Gotta disagree with the majority here and say Ed wins.

For all Mustang's firepower, he sorely lacks defense and physical speed. Ed just needs to camp behind a stone wall and hammer him with transmuted fists from the environment; he doesn't even really have to advance into close quarters, although he can certainly pull that off. If enough water can be transmuted from the battlefield to get the Colonel's hands wet, that's a definite game over.

I really hate to use this pun, but Mustang is a one-trick pony. Ed's more balanced, and probably a bit faster, with alchemy sufficient for simultaneous offense and defense; Mustang would need to take him out right at the beginning of the fight, before he can perform any transmutation, but that's probably not going to happen. Ed has blocked gunfire in the past, even if it wasn't strictly bullet-timing.


----------



## Wan (Sep 11, 2014)

Nikushimi said:


> Mustang would need to take him out right at the beginning of the fight, before he can perform any transmutation, but that's probably not going to happen. Ed has blocked gunfire in the past, even if it wasn't strictly bullet-timing.



That's a good point.  Whether or not it was technically "bullet-timing", the point remains that Ed was able to anticipate the attack and get a defense up before he could be hit.  Roy raising his arm and snapping isn't going to be significantly quicker than Father Cornello raising his machine gun and pulling the trigger.


----------



## Sablés (Sep 11, 2014)

Mustang can't incinerate a stone wall?

Anyway I'm fairly sure such things as distance and background are relevant here.
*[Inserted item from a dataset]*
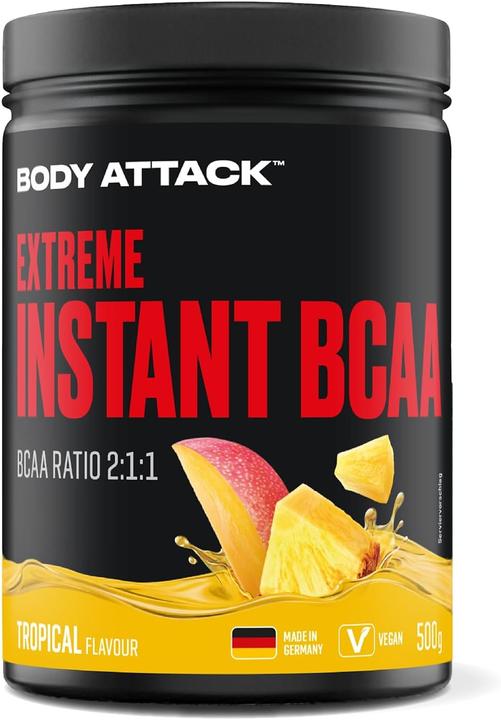 Produktbild Body Attack Extreme Instant BCAA (500g Dose) (Tropical, 1 Stk., 500 g)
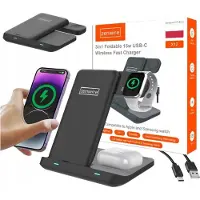 Zenwire Draadloze oplader - 3-in-1 - USB-C - Inductieve oplader voor telefoons - geschikt voor smartphones en smartwatches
In an open clearing, Ed turns to dust. With terrain to obscure his presence, he might stand a slim chance of closing the gap . Seeing how Mustang spams flames spanning across City blocks? I wouldn't bet on it.


----------



## Wan (Sep 11, 2014)

Sabl?s said:


> Mustang can't incinerate a stone wall?
> 
> Anyway I'm fairly sure such things as distance and background are relevant here. In an open clearing, Ed turns to dust. With terrain to obscure his presence, he might stand a slim chance of closing the gap . *Seeing how Mustang spams flames spanning across City blocks?* I wouldn't bet on it.



When has he done this?


----------



## Onomatopoeia (Sep 11, 2014)

Using a red stone, non?


----------



## AgentAAA (Sep 11, 2014)

Onomatopoeia said:


> Using a red stone, non?



I think Red stones were 2003 only, they don't come up in the manga


----------



## ThanatoSeraph (Sep 11, 2014)

Red stones do come up in the manga, they're imperfect philosopher's stones.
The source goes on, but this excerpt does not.